December 9, 1775 – American Revolutionary War: Southern Theater: Battle of Great Bridge
The battle was fought near Great Bridge, Virginia, and was one of the important clashes of the early period of the American Revolutionary War. The victory achieved by the colonial Virginia militia forces led to the departure of Royal Governor Lord Dunmore and any remaining vestiges of British power over the Colony of Virginia during the early days of the conflict.
Following increasing political and military tensions in early 1775, both Dunmore and colonial rebel leaders recruited troops and engaged in a struggle for available military supplies. The struggle eventually focused on Norfolk, where Dunmore had taken refuge aboard a Royal Navy vessel.
During the battle Dunmore's forces had fortified one side of a critical river crossing south of Norfolk at Great Bridge, while rebel forces had occupied the other side. In an attempt to break up the rebel gathering, Dunmore ordered an attack across the bridge, which was decisively repulsed. Colonel William Woodford, the Virginia militia commander at the battle, described it as "a second Bunker's Hill affair."
Up to 102 British soldiers were killed during this battle, while the Virginia Committee of Safety had just one soldier slightly injured to the thumb.

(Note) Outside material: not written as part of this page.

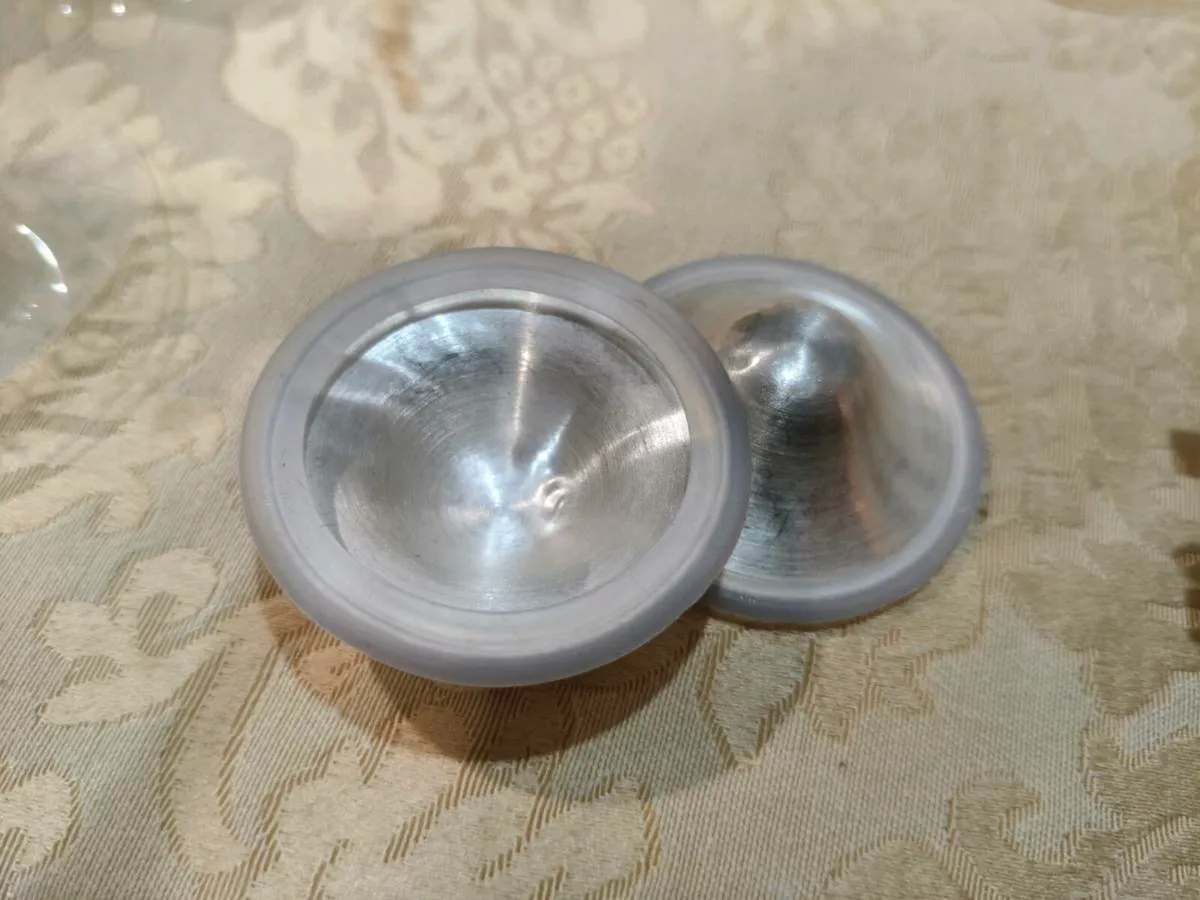 Medela Swing Maxi breast pump and attachments - Image 3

What a humiliating loss it was for the Brits!
December 9, 1872 - P. B. S. Pinchback becomes the first African-American governor of Louisiana
Louisiana was one of the key states to go through the Reconstruction of the South Era after the end of the Civil War, the aim of which was to annihilate the remnants of the old era of slavery in the area making the newly freed slaves citizens with civil rights apparently guaranteed by three new Constitutional amendments. Despite these conditions the fact that P. B. S. Pinchback managed to become governor of Louisiana is, beyond any doubt, both unbelievable and remarkable.
Pinchback never was a slave, as he was born free in Macon, Georgia to a mulatto woman and a white planter. His father, William Pinchback, raised the younger Pinchback as his own son on his plantation in Mississippi. After the death of his father in 1848, Pinchback and his mother fled to the free state of Ohio. After the start of the American Civil War, Pinchback traveled to Union-occupied New Orleans and raised several companies for the 1st Louisiana Native Guard, becoming one of few African American commissioned officers in the Union Army.
In 1872, the legislature filed impeachment charges against the incumbent Republican governor, Henry Clay Warmoth, over disputes over certifying returns of the disputed gubernatorial election, in which both Democrat John McEnery and Republican William Kellogg claimed victory. And this was the moment Pinchback used to become governor of Louisiana. The Governor election held had been marked by violence and fraud, the situation throughout the state was quite difficult as well. State law required Warmoth to step aside until his impeachment case was tried. Pinchback took the oath as acting governor on December 9, 1872, and he served for about six weeks, until the end of Warmoth's term.